WHAT IS REQUIRED: Only the lines from the first line of the records through the line containing "1988 Mercedes-Benz R107" belong in the answer. Copy them exactly.

(Records drawn from a dataset)
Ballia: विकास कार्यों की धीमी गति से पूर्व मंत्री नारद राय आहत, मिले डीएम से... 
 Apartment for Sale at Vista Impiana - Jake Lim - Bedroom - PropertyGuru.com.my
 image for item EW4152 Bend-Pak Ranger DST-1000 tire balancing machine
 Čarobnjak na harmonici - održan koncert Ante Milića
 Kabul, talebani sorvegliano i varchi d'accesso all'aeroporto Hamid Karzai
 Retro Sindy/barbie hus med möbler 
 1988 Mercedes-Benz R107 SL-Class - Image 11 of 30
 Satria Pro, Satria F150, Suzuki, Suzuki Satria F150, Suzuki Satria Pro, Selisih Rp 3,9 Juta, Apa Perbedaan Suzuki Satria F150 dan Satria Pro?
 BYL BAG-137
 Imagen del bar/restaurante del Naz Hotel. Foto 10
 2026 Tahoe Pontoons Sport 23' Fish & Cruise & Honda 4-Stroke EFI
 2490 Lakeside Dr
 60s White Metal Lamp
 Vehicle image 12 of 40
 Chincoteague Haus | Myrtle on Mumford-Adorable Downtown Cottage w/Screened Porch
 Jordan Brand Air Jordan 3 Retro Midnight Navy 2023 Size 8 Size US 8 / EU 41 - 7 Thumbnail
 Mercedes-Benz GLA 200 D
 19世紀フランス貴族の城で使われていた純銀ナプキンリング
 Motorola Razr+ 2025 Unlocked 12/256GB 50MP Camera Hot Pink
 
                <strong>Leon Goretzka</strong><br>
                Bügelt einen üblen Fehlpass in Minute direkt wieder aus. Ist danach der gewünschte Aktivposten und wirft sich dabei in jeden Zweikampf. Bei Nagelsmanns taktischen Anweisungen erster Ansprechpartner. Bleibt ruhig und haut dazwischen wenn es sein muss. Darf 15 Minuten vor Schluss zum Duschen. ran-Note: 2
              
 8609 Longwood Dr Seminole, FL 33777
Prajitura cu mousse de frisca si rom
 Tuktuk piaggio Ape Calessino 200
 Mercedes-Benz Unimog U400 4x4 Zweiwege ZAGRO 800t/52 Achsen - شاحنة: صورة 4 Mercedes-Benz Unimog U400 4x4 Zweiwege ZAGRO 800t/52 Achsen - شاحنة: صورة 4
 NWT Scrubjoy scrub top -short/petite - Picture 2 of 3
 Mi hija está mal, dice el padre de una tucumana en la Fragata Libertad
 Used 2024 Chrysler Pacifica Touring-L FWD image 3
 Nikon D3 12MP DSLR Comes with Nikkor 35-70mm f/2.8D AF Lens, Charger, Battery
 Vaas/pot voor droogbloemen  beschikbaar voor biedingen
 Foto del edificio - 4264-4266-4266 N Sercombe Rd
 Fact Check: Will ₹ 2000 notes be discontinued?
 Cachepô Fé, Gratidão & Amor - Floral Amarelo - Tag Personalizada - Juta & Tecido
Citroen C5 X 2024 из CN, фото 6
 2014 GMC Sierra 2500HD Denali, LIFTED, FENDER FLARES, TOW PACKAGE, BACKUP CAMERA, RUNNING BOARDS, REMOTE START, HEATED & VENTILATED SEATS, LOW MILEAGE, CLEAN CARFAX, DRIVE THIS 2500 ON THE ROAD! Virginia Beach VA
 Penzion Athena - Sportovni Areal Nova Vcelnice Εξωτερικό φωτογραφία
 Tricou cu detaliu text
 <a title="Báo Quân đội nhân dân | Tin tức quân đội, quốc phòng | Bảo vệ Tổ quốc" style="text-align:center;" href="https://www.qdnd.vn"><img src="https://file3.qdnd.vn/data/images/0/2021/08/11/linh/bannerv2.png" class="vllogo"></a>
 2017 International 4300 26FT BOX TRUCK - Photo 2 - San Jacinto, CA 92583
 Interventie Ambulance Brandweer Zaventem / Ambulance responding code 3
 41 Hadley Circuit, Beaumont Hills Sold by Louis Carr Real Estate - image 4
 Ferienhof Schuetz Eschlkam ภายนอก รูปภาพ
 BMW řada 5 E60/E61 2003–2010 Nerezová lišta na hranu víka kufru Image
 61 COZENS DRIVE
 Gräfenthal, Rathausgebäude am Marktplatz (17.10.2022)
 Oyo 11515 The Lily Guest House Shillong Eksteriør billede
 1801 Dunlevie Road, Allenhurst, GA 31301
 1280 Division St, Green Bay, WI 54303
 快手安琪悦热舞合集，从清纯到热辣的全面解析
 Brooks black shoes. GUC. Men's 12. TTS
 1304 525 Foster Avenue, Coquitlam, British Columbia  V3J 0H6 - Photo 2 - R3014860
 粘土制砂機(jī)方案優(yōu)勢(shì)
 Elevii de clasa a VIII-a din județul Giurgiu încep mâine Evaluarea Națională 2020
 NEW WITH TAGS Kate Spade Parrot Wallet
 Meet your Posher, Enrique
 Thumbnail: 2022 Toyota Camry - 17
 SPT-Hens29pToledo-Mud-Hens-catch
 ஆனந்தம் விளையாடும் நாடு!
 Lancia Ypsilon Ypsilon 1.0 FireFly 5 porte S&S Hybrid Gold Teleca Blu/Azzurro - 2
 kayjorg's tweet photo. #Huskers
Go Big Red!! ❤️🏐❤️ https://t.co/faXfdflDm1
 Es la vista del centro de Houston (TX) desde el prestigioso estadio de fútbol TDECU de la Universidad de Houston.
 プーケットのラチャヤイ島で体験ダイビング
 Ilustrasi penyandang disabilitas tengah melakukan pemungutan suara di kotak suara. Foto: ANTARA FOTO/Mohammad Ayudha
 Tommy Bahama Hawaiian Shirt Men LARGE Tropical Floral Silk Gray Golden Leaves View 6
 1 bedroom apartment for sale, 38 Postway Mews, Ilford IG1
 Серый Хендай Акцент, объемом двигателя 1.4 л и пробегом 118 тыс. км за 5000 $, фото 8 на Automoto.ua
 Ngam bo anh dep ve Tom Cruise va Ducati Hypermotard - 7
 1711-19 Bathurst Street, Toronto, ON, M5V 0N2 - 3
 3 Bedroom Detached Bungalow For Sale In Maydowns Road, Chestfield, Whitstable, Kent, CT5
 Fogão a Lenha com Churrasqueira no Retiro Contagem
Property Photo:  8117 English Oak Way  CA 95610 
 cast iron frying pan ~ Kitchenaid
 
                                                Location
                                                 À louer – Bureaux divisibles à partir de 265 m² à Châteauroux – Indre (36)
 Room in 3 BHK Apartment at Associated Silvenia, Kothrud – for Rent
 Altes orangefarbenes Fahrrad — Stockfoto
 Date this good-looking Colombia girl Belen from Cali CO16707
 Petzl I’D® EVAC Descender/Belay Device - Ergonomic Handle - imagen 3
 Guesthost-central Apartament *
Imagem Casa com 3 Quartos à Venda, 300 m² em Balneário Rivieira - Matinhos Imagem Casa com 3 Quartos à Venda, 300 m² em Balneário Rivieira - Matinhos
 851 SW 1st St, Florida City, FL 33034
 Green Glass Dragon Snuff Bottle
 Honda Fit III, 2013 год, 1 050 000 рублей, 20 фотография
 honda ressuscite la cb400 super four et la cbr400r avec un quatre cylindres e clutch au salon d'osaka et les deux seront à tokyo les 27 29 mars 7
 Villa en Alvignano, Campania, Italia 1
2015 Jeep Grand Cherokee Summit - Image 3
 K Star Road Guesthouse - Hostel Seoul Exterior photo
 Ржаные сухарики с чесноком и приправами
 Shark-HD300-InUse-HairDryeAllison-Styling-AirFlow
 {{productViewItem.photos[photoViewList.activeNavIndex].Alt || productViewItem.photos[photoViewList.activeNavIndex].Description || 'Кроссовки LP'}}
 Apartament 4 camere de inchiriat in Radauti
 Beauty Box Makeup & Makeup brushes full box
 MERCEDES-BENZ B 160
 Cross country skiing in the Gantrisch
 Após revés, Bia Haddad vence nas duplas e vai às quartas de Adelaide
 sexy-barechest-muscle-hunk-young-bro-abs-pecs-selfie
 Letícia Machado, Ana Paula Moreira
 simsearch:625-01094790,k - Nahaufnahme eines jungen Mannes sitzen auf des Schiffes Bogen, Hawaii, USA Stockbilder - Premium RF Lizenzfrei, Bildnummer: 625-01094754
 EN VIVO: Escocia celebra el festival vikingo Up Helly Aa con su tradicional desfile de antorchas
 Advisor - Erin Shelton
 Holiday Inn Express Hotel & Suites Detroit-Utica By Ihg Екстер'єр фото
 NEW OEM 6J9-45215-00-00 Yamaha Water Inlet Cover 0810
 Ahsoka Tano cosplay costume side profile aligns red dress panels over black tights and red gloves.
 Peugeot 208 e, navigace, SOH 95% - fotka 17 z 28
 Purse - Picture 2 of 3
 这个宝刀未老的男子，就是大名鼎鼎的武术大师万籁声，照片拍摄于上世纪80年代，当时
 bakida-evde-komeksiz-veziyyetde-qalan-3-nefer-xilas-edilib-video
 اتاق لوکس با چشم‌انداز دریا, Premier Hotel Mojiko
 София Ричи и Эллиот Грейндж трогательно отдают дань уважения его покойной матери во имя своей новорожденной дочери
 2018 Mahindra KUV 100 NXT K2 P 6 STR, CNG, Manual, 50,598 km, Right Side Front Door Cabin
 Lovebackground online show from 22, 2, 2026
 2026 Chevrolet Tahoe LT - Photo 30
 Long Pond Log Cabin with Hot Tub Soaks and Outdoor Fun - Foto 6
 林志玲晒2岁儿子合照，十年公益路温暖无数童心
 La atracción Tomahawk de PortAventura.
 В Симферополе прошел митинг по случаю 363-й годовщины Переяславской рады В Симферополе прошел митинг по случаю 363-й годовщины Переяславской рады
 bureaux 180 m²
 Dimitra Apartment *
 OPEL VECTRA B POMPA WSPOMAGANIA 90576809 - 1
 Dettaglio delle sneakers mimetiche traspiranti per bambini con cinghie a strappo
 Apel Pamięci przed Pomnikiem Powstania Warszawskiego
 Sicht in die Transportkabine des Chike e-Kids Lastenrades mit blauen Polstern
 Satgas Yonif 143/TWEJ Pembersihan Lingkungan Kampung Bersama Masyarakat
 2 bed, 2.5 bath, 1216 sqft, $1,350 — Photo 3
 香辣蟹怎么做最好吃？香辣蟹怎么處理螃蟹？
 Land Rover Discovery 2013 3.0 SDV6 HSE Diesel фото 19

SOLVED EXERCISE:
Ballia: विकास कार्यों की धीमी गति से पूर्व मंत्री नारद राय आहत, मिले डीएम से... 
 Apartment for Sale at Vista Impiana - Jake Lim - Bedroom - PropertyGuru.com.my
 image for item EW4152 Bend-Pak Ranger DST-1000 tire balancing machine
 Čarobnjak na harmonici - održan koncert Ante Milića
 Kabul, talebani sorvegliano i varchi d'accesso all'aeroporto Hamid Karzai
 Retro Sindy/barbie hus med möbler 
 1988 Mercedes-Benz R107 SL-Class - Image 11 of 30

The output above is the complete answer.